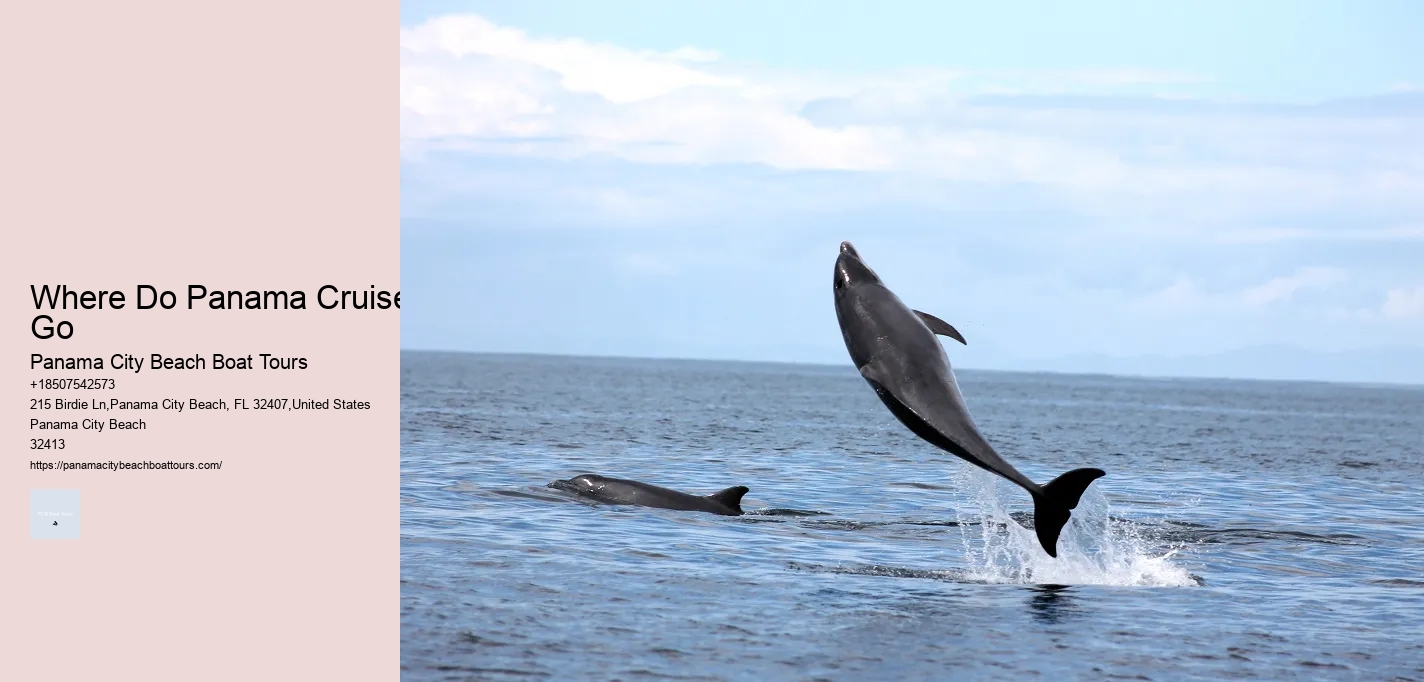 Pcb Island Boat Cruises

--

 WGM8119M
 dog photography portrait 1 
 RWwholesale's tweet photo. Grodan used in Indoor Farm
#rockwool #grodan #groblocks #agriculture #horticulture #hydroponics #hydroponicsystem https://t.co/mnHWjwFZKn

==

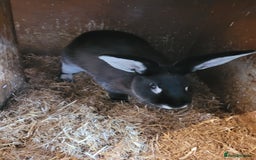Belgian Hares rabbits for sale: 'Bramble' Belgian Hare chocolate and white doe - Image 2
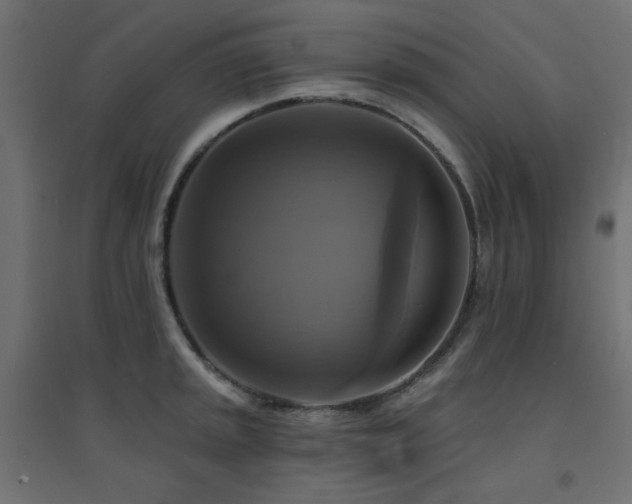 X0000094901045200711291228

■ What to produce: Print exactly the lines above that run from the one with "Belgian Hares rabbits" down to the one with "X0000094901045200711291228", and omit the pictures.

■ Response to the task:
Belgian Hares rabbits for sale: 'Bramble' Belgian Hare chocolate and white doe - Image 2
 X0000094901045200711291228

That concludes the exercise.